A presentation tier is only as good as the data it has to present. In some applications, finding data is as simple as instantiating the appropriate business delegate and calling a method. But life gets complicated when an application grows to encompass a range of resources that are spread across a number of services. To help manage distributed components, J2EE specifies that they should be connected via the Java’s directory API, JNDI. JNDI is a simple, standard API that allows communication with a variety of directories such as LDAP and NDS. Using a directory server, clients are somewhat shielded from the complexities of distributed environments. The canonical J2EE picture is shown in Figure 9-10.
The nice thing about a directory is that a client can get a reference to a resource anywhere on the network, remote or local, with a single lookup. This decouples the client from a particular server implementation. Of course, there is no such thing as a free lunch, and anyone who has actually built a distributed J2EE environment knows that all we have done is shift a development headache to a deployment headache.

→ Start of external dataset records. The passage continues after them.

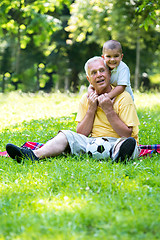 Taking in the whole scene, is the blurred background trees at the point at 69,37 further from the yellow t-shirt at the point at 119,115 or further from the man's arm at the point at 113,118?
the man's arm at the point at 113,118

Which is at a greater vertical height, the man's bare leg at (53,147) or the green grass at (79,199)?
the man's bare leg at (53,147)

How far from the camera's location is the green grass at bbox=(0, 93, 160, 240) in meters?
2.33

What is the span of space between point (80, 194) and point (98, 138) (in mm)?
1402

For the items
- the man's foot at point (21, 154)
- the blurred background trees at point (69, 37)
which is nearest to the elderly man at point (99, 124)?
the man's foot at point (21, 154)

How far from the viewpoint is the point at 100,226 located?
92.6 inches

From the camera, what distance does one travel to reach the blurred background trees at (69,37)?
14.4 meters

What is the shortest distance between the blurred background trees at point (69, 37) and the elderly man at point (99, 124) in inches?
253

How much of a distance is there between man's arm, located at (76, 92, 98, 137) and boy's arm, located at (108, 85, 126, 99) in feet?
0.67

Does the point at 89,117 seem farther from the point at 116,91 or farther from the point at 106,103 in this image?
the point at 116,91

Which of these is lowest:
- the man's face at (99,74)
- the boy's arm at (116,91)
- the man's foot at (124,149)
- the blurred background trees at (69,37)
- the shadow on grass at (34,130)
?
the shadow on grass at (34,130)

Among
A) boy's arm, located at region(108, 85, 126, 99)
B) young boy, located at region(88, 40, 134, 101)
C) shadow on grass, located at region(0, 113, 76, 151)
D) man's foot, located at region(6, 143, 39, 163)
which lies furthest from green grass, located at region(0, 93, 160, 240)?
shadow on grass, located at region(0, 113, 76, 151)

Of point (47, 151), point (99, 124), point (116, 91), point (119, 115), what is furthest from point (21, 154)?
point (116, 91)

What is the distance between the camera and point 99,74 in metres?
4.30

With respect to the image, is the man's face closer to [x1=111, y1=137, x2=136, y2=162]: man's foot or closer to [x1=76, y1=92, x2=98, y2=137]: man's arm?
[x1=76, y1=92, x2=98, y2=137]: man's arm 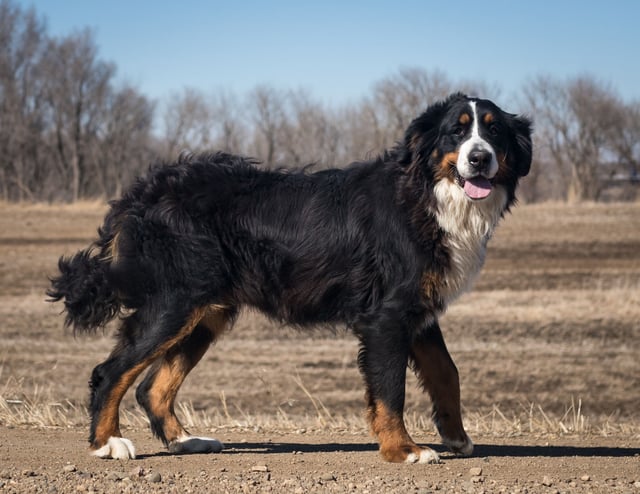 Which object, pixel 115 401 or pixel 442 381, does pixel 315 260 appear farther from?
pixel 115 401

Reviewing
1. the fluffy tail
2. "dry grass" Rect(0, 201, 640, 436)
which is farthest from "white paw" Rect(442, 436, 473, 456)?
the fluffy tail

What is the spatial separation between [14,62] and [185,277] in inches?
2063

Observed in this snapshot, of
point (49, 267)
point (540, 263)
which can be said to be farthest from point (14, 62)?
point (540, 263)

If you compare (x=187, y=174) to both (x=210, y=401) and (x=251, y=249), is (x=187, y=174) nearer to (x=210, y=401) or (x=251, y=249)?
(x=251, y=249)

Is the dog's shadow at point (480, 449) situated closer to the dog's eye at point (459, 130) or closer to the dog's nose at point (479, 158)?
the dog's nose at point (479, 158)

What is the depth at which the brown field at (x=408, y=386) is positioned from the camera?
6.48 m

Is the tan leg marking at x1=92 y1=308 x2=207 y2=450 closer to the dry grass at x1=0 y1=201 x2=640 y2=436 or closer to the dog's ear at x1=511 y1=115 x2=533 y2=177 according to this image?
the dry grass at x1=0 y1=201 x2=640 y2=436

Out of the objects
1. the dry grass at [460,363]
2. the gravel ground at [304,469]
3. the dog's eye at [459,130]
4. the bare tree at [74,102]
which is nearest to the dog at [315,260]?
the dog's eye at [459,130]

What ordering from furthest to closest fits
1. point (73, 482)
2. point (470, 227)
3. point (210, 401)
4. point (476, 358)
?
point (476, 358) → point (210, 401) → point (470, 227) → point (73, 482)

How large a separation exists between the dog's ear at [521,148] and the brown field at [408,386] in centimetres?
201

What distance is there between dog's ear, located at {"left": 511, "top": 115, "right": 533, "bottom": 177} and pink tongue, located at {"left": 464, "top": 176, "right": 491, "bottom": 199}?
1.43 ft

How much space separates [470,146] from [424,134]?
0.43 m

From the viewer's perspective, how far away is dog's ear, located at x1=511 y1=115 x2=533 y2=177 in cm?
709

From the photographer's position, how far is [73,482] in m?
5.93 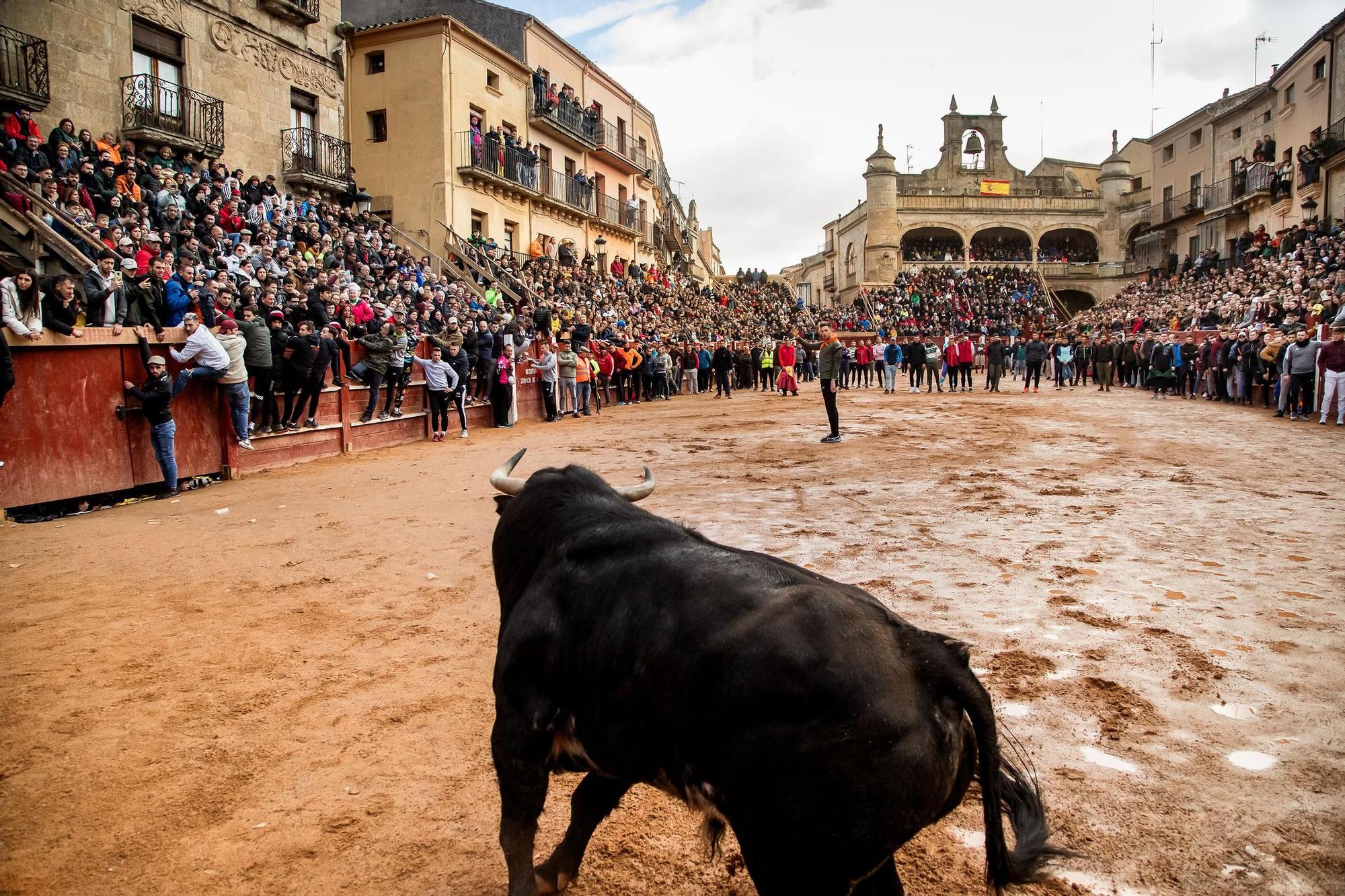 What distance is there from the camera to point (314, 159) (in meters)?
24.0

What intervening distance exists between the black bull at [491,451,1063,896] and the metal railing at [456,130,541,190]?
29091 mm

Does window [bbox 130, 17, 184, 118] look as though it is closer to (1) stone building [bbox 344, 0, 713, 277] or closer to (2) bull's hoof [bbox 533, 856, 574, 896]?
(1) stone building [bbox 344, 0, 713, 277]

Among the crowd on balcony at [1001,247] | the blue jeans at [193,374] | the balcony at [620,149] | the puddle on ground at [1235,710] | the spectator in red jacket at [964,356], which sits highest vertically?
the balcony at [620,149]

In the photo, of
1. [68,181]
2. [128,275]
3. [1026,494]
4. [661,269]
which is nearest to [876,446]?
[1026,494]

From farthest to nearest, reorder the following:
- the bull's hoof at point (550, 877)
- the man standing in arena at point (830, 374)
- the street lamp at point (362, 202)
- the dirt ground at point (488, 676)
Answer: the street lamp at point (362, 202) → the man standing in arena at point (830, 374) → the dirt ground at point (488, 676) → the bull's hoof at point (550, 877)

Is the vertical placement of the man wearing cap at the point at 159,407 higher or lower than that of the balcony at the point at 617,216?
lower

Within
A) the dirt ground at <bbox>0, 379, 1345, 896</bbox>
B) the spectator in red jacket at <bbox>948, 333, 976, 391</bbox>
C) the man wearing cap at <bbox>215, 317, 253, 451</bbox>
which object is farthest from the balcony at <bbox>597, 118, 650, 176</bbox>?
the dirt ground at <bbox>0, 379, 1345, 896</bbox>

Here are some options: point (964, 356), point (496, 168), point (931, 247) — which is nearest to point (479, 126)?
point (496, 168)

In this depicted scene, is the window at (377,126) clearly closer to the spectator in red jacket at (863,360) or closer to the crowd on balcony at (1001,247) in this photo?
the spectator in red jacket at (863,360)

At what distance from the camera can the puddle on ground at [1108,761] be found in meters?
3.51

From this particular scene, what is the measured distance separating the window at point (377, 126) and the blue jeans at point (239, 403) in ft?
68.4

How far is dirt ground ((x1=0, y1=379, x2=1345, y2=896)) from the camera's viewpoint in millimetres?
3051


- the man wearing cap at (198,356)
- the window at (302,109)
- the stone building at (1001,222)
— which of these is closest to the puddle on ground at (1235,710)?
the man wearing cap at (198,356)

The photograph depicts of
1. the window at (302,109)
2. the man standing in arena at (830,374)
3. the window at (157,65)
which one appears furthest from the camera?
the window at (302,109) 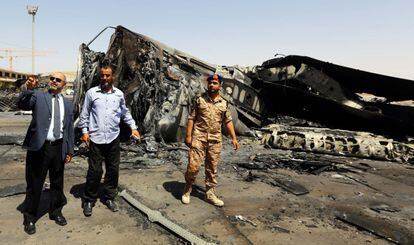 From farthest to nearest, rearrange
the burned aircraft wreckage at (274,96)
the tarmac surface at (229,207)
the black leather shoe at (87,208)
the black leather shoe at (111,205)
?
the burned aircraft wreckage at (274,96)
the black leather shoe at (111,205)
the black leather shoe at (87,208)
the tarmac surface at (229,207)

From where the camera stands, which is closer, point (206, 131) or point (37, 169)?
point (37, 169)

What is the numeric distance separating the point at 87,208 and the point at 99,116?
1.19 meters

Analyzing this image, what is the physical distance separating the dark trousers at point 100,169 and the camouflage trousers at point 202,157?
3.35 ft

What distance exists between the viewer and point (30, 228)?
3723 millimetres

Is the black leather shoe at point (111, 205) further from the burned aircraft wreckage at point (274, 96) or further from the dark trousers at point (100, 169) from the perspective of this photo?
the burned aircraft wreckage at point (274, 96)

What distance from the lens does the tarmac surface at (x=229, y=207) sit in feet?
12.7

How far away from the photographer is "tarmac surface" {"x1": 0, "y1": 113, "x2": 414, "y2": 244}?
3.88 m

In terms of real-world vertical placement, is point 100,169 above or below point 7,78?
above

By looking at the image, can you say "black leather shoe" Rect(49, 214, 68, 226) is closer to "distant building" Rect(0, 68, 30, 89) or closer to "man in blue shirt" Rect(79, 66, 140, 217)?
"man in blue shirt" Rect(79, 66, 140, 217)

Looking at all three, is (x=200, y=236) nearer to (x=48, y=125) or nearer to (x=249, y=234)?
(x=249, y=234)

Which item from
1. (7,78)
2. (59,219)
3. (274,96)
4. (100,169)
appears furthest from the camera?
(7,78)

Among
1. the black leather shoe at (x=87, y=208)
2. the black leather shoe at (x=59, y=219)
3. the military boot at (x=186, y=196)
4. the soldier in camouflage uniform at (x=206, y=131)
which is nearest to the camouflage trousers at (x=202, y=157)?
the soldier in camouflage uniform at (x=206, y=131)

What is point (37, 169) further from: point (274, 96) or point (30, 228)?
point (274, 96)

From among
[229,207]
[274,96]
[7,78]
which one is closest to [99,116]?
[229,207] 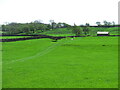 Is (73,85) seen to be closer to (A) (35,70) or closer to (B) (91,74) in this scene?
(B) (91,74)

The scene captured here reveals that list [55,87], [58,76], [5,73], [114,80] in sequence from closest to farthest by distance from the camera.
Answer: [55,87] → [114,80] → [58,76] → [5,73]

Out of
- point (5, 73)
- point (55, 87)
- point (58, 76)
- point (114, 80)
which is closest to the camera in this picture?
point (55, 87)

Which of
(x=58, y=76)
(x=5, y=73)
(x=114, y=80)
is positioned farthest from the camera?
(x=5, y=73)

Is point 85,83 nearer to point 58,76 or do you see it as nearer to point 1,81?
point 58,76

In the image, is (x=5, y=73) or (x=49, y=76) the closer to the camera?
(x=49, y=76)

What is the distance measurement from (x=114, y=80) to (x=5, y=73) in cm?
1107

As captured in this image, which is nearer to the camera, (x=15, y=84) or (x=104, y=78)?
(x=15, y=84)

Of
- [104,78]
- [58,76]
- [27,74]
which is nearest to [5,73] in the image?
[27,74]

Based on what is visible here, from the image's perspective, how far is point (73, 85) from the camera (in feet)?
52.4

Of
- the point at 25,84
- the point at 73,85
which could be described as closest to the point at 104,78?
the point at 73,85

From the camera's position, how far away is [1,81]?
17.5 m

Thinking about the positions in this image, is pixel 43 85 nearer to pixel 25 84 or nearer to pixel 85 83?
pixel 25 84

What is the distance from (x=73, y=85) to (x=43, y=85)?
8.18 ft

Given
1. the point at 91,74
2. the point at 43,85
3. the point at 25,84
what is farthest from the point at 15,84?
the point at 91,74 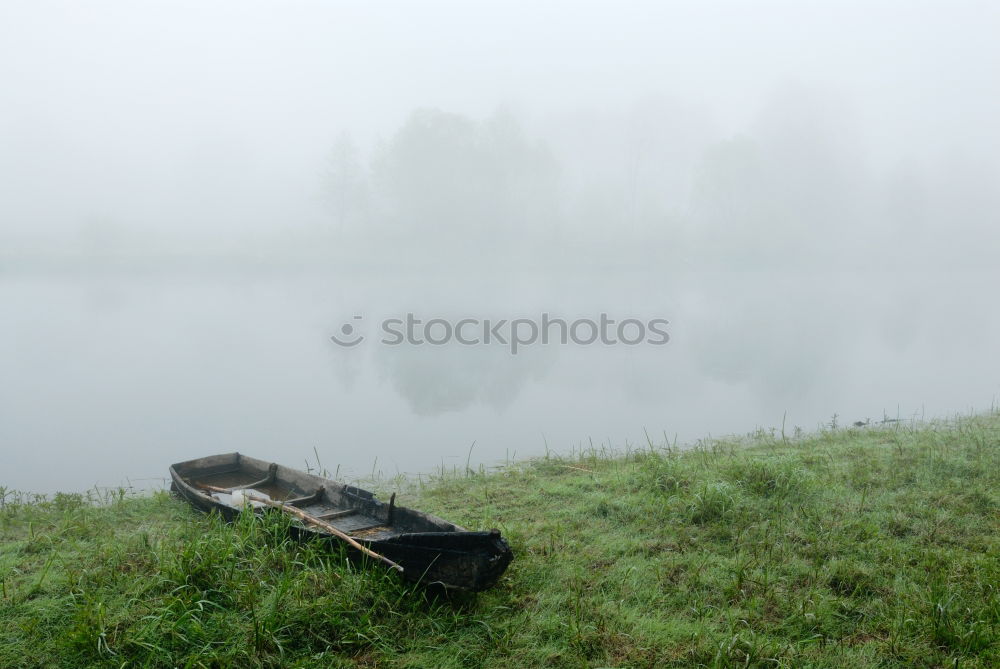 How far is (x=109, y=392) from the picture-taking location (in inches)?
471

Finding resources on the network has performance implications. Connecting to a remote EJB might first require querying the directory server for the EJB’s location. While the cost may not seem substantial, we effectively double the number of connections required for a given operation. When we add the costs for connecting to databases, message queues, legacy applications, and web services, connecting to the directory server becomes a bottleneck.
The Service Locator
pattern
simplifies connecting to remote
services, while minimizing the costs associated with these
connections. A ServiceLocator
object acts as an
intelligent connection from the presentation tier to the various
remote services. The service locator is the
application’s central point of access for directory
services. A more advanced locator may use pools and caches to improve
efficiency. Figure 9-11 shows the classes involved
in the Service Locator pattern.
The service locator’s client may be a presentation-tier object, such as a servlet that needs access to business data, or a business tier object. When a client needs access to some object in the directory, it calls the appropriate method on the service locator for that service. The locator then uses the directory or an internal cache to find the service’s factory and return it to the client. The client can use this factory to create an instance of the service.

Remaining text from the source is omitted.